A Literary Tour of the Borders

During our recent trip to the Scottish Borders and Edinburgh we managed to cram in quite a few literary delights.

Staying at Dryburgh Abbey Hotel, on the River Tweed, our first destination was Sir Walter Scott's tomb in the Abbey. This is such a wonderful setting for a literary giant and, on this visit so peaceful and autumnal.

Next we visited Main Street Trading Company in St Boswell's. This is one of our favourite bookshops, with an excellent cafe, for much needed refreshment during book browsing! The selection of books at Main Street Trading Company is so well curated and always yields an eclectic mix of new books. There's also a wonderful deli and home shop. We spent quite a few hours browsing happily.

After a delicious breakfast, the following day we set off for Edinburgh. We had a number of planned destinations including Topping and Company, Ragamuffin and Valvona and Crolla. In addition to book browsing and good coffee, we included a few literary destinations. Again, Sir Walter Scott features with the wonderful Memorial on Princes Street. As a good friend said, you can't visit the Borders without tripping over Scott regularly!

 We also visited the birthplace and childhood home of D E Stevenson at 14, Eglington Crescent.  For me, D E Stevenson's novels epitomise the essence of the Scottish Borders. They are so gentle, but with a sharp wit and excellent storytelling. She also incorporates the landscape of rolling hills, lochs and rivers into her novels. Stevenson doesn't shy away from dealing with difficult subject matter either. I was delighted to visit the house where she spent her early years.

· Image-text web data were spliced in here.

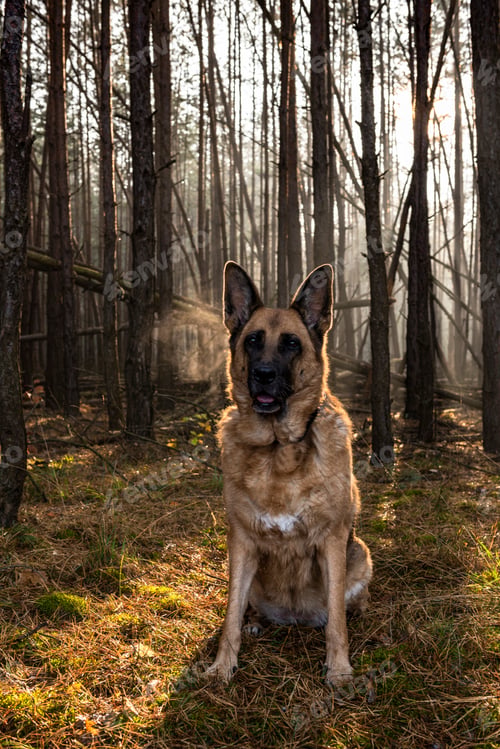 Preview: Senior German Shepherd Dog Portrait in Forest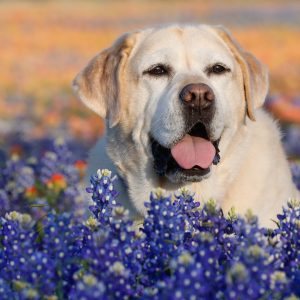 Bonnie in the Bluebonnets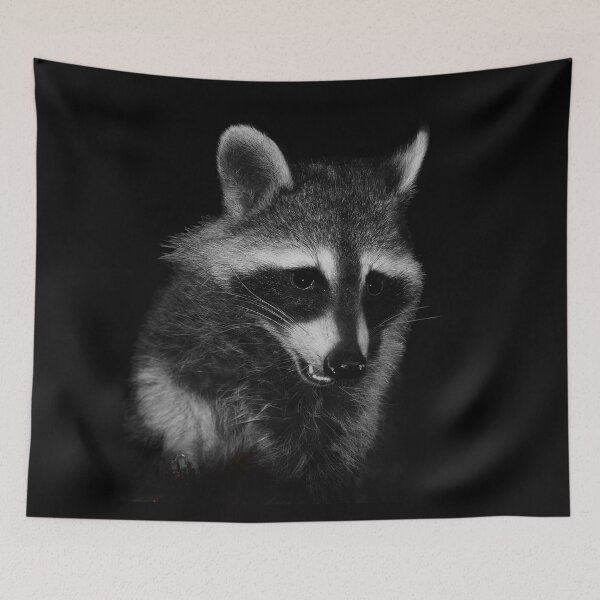 Item preview, Raccoon designed and sold by cherylorraine.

We spent a couple of hours in Topping and Company and came away with another fine haul of books. We find Toppings such a well organised bookshop with different and unusual books. It's the only shop I know which carries the full stock of New Naturalists. I also love the Mystery and Crime Room, and on this occasion, found myself browsing their Ghost Story selection, and Horror (light!).

After Topping and Company we enjoyed a coffee and a browse in Valvona and Crolla. I adore this shop for its Alexander McCall Smith links. On this trip north of the border, I enjoyed it even more, as I was reading the newly published 44 Scotland Street novel: The Enigma of Garlic. As we drove and walked around Edinburgh, so many of the street names resonated with my reading - Heriot Row, Scotland Street, Dundas Street, Cumberland Street and many more. McCall Smith is definitely the modern day storyteller of Edinburgh. The Sir Walter Scott of the 21st Century. He captures, for me, the essence of Edinburgh and the surrounding countryside.

Our final destination in Edinburgh was Greyfriars Kirk Yard. I wasn't drawn here for the Harry Potter connections, of which I know there are quite a few, but rather for the gravestone of Greyfriars Bobby, one of the most loyal dogs in history and literature. Bobby was a Skye Terrier who was looked after by a local policeman, John Gray. After John Gray’s death Bobby reportedly guarded his grave in the Kirkyard for fourteen years, being fed and looked after by local residents and visitors. There is a memorial erected to this loyal dog, just outside the Kirkyard, where he is buried. 

Greyfriars Bobby was immortalised in Eleanor Atkinson's book of the same name. I remember reading this book as a child and how it made an impression on me. I think this is because we were a dog-mad family! The story also chimes with the grave of Beddgelert, another loyal dog, in the village of the same name, in Snowdonia.

Our final literary destination was on our journey home. We made a short detour to the hills above Langholm where there is a glorious memorial to the Scottish poet Hugh MacDiarmid. I haven't read much of MacDiarmid's poetry but I intend to rectify this. I also know very little about him. I've always imagined him to be a Scottish Ted Hughes or R S Thomas. The memorial is quite stunning and well worth a visit. Sadly the weather was inclement, so we have promised ourselves a return visit.

All in all, a smashing weekend of books and literary connections.